Is it standard to have one pool of threads in which each thread requests, parses, and loads? In other words, only one class implements Runnable
. Or is it more efficient to have, say, three different pools of threads, with the first pool of threads making the requests and pushing them to a queue, the second pool of threads polling from the first queue, parsing, and pushing the parsed data to a second queue, and finally the third pool polling the data from the second queue and loading into the database? In this case, I'd write three different classes that implement Runnable
.
You have to consider which parts of the processing will benefit from parallelism. The online API communication will most likely be a candidate, since there will be sockets and network waits involved. Likewise with the DB interaction. Multithreaded parsing will probably only improve performance if there are multiple available CPU cores.
Splitting the entire process into 3 separate classes will definitely increase the cohesion, meaning each class will have less responsibilities, which is a good thing. On the other hand, making each of these classes a Runnable
and having several queues will increase the complexity (possibly unecessarily) of the application.
I would suggest making 3 separate classes, but dont make them Runnable
. Then make a Runnable
that contains
and orchestrates
the 3 classes, that is one single thread pool. If you see that this doesnt seem to be fast enough (and after some profiling), try splitting the runnable into 2 thread pools: a download and parse, and a db access.
The point being, start simple and add complexity as needed.
One important thing to consider: does the order of the processing matter? i.e., is it important that the parsed result from the first download request gets loaded into the DB before the results from the second request?
If so, you really need queues (or similar), one per task. In effect, three single-threaded thread "pools" (or use an ExecutorService).
If not, @Brady makes good points.

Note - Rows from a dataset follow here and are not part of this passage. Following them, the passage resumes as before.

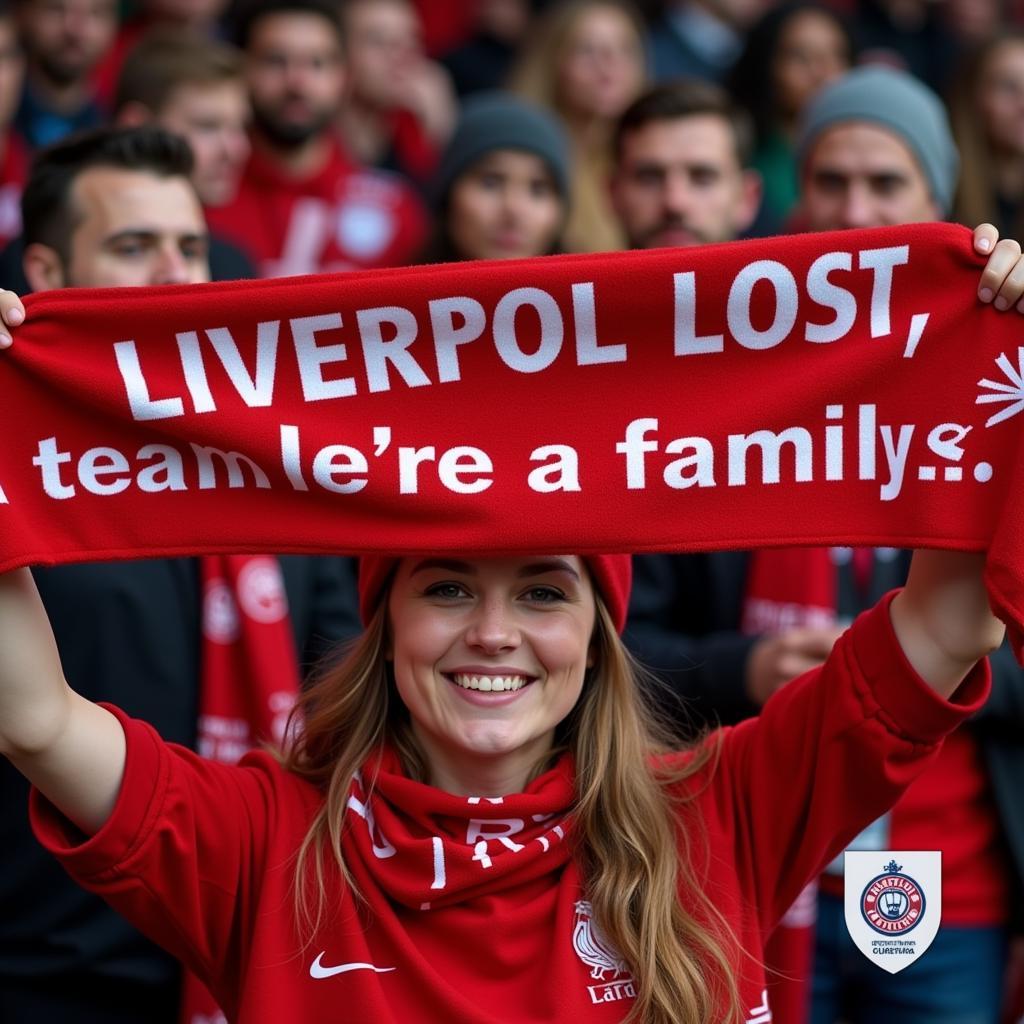 A Liverpool fan proudly displays a scarf with a famous quote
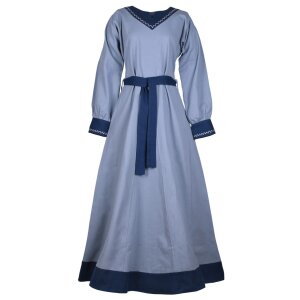 Wikinger Kleid Jona Blaugrau/Blau Größe XL,...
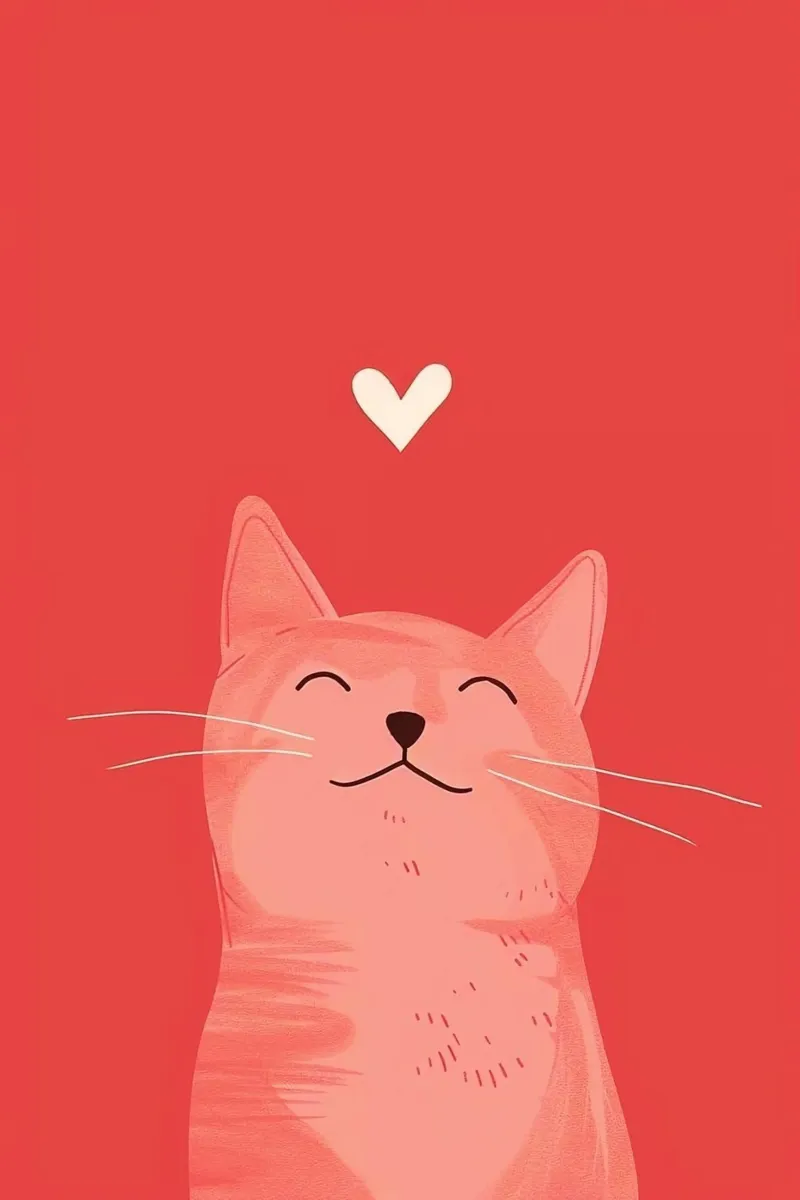 cat with red heart Leinwand mit Schattenfugenrahmen von hamily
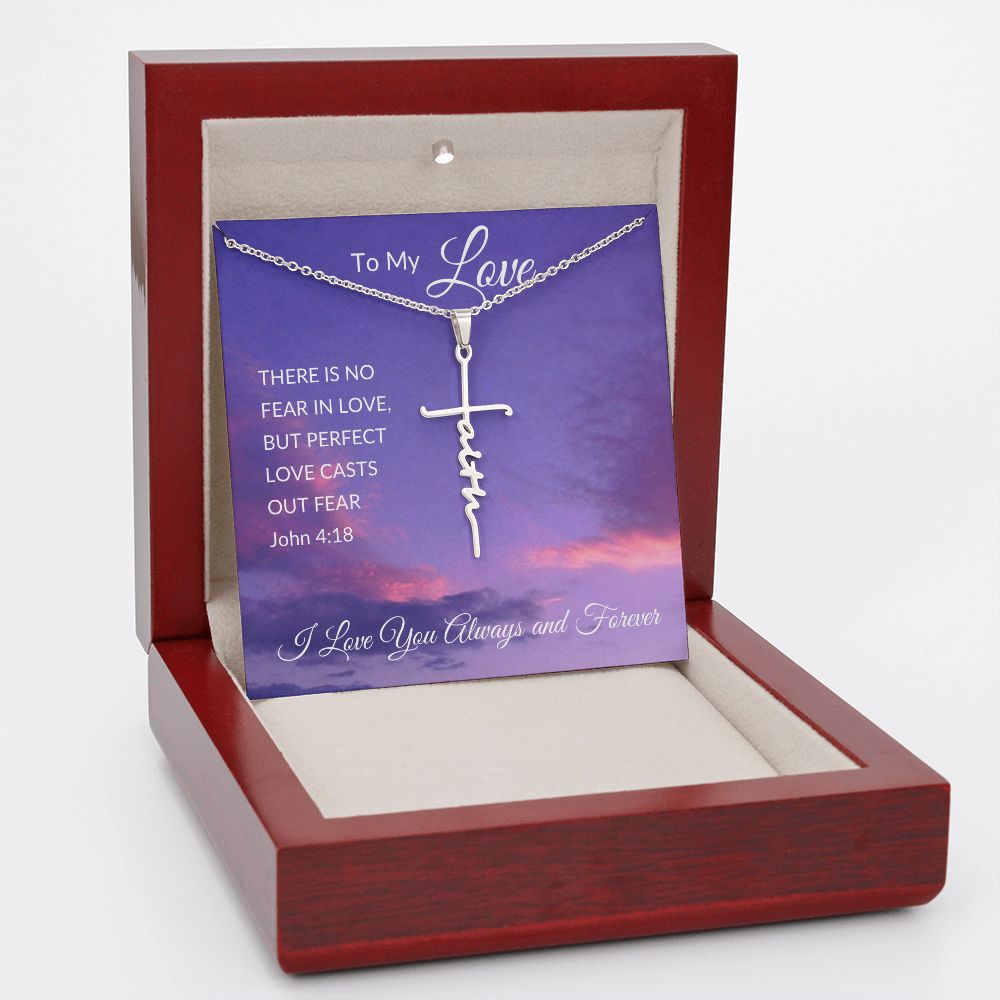 Faith Cross Necklace, Purple Sky - John 4:18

Unlike him, I'd probably make all three classes Runnable
, but that doesn't mean you have to use three queues, you could still try a single pool and profile to see how it is working.
I don't believe there is a standard approach, it depends on your requirements.
If you are writing something quick and dirty then you're best having one pool.
If you're looking for something more resilient and where recovery is required then you may opt for several pools. Eg. if you persist the responses and if your app dies then when it restarts you can just re-queue the responses without having to fetch them again.